Superpositional Gradient Descent: Harnessing Quantum Principles for Model Training

TL;DR

This paper introduces Superpositional Gradient Descent, a quantum-inspired optimizer that improves training speed and results of large language models by integrating quantum principles into classical optimization.

Contribution

It presents a novel quantum-inspired optimizer, Superpositional Gradient Descent, with a mathematical framework and implementation that enhances model training.

Findings

SGD converges faster than AdamW on synthetic and large-scale tasks.

SGD achieves lower final loss compared to AdamW.

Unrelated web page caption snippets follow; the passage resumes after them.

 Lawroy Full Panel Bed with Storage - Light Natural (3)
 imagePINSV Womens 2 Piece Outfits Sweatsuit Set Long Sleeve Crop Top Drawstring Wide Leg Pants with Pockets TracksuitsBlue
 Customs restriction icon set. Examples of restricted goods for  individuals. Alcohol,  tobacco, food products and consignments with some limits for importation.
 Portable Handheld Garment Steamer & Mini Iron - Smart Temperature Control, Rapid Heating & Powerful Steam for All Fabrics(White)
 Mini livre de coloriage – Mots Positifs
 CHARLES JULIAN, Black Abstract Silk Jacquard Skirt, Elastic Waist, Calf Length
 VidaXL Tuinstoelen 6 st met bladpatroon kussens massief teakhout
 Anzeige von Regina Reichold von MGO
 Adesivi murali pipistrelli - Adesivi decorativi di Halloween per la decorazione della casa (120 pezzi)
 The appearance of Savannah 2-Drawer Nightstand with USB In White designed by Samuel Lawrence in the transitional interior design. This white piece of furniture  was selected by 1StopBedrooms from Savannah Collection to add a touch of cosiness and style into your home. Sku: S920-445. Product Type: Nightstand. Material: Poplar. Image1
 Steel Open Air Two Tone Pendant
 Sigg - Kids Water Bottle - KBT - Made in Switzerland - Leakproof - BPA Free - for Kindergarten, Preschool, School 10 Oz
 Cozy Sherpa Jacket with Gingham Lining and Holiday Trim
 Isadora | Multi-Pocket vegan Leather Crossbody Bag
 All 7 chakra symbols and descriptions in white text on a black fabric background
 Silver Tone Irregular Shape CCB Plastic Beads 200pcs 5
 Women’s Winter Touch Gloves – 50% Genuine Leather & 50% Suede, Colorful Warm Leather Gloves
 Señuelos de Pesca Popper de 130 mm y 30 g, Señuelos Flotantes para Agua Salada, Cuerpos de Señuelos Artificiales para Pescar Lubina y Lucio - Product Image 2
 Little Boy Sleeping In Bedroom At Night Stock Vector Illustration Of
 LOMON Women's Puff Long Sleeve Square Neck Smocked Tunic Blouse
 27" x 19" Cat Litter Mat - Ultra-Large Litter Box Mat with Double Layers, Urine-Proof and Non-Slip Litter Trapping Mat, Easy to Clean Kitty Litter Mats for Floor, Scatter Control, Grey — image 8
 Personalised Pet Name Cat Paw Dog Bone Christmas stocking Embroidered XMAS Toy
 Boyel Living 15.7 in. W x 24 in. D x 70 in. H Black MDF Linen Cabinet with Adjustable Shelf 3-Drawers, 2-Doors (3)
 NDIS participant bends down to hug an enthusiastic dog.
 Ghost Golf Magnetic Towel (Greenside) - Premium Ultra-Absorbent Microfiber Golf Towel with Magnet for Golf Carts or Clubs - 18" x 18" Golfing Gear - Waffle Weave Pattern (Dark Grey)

Scalability and hardware constraints limit practical adoption.

Abstract

Large language models (LLMs) are increasingly trained with classical optimization techniques like AdamW to improve convergence and generalization. However, the mechanisms by which quantum-inspired methods enhance classical training remain underexplored. We introduce Superpositional Gradient Descent (SGD), a novel optimizer linking gradient updates with quantum superposition by injecting quantum circuit perturbations. We present a mathematical framework and implement hybrid quantum-classical circuits in PyTorch and Qiskit. On synthetic sequence classification and large-scale LLM fine-tuning, SGD converges faster and yields lower final loss than AdamW. Despite promising results, scalability and hardware constraints limit adoption. Overall, this work provides new insights into the intersection of quantum computing and deep learning, suggesting practical pathways for leveraging quantum principles to control and enhance model behavior.